### Required work
For the data below, give again exactly the lines from the one containing "A SAISIR HONDA" through the one containing "画像4: キュウリの豆板醤和え", both ends included, and no others.

### Record excerpts
++++++++++++++++++++
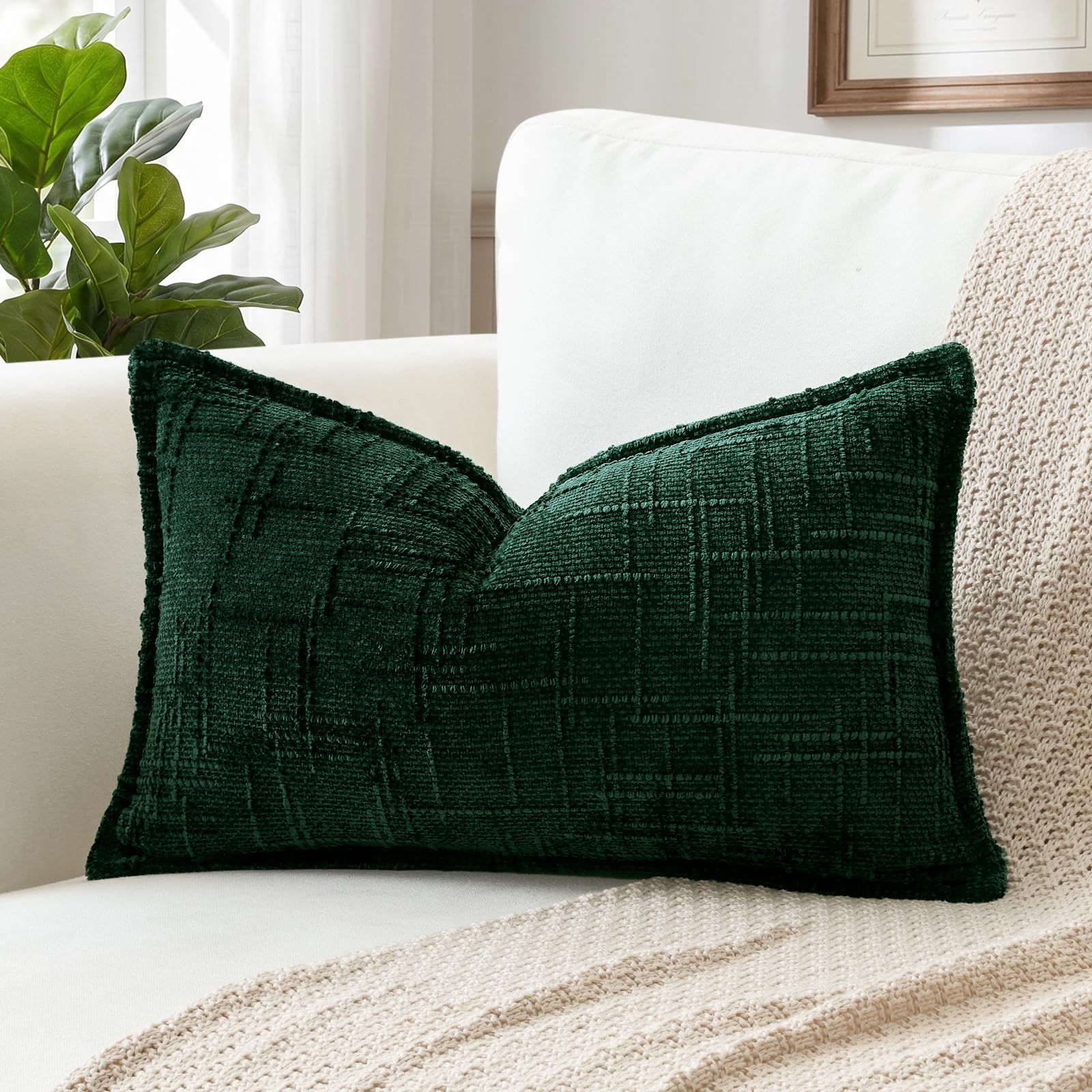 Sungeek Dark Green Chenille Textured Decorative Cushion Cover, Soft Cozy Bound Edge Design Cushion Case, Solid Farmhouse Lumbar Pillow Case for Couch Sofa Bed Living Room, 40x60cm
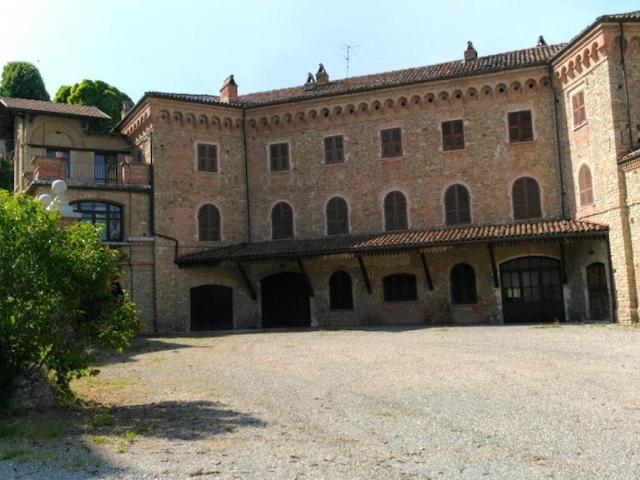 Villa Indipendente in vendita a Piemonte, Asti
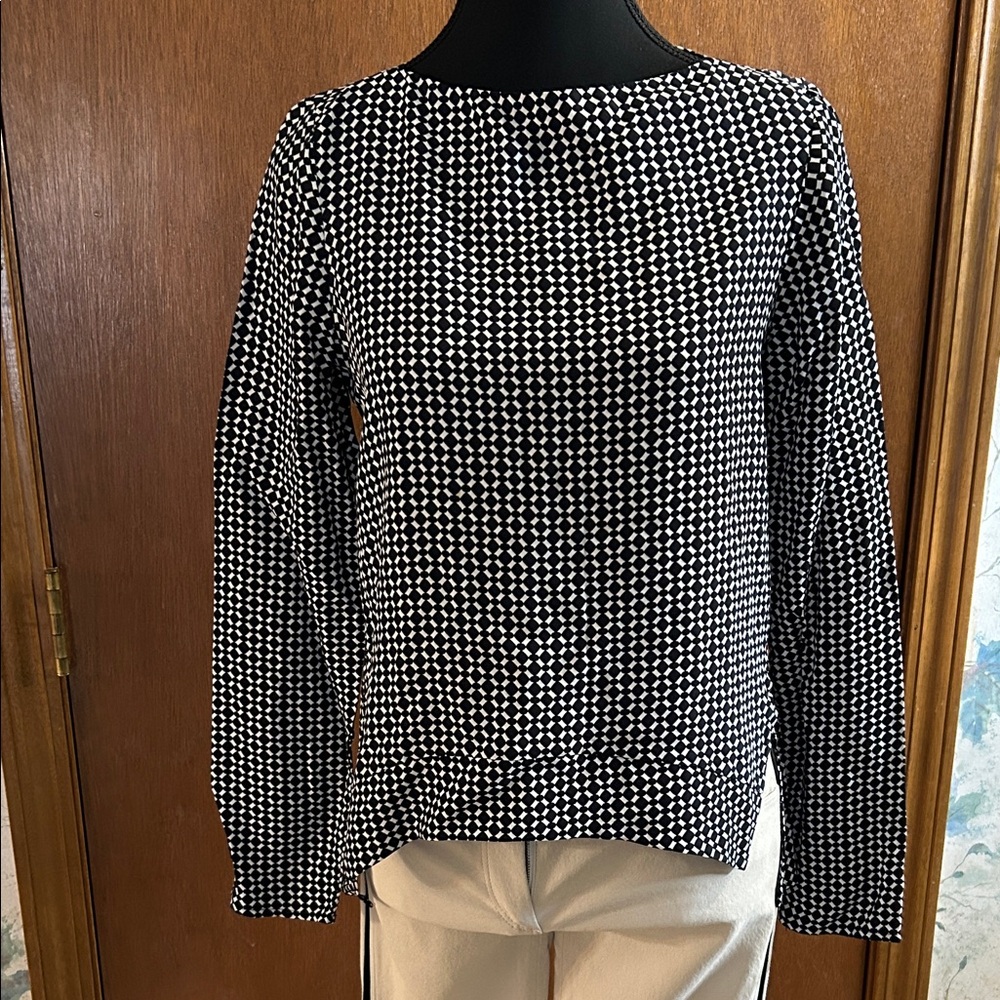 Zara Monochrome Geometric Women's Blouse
++++++++++++++++++++
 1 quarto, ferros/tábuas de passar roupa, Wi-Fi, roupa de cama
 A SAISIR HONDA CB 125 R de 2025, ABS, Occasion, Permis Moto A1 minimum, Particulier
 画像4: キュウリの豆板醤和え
++++++++++++++++++++
### Answer box
 A SAISIR HONDA CB 125 R de 2025, ABS, Occasion, Permis Moto A1 minimum, Particulier
 画像4: キュウリの豆板醤和え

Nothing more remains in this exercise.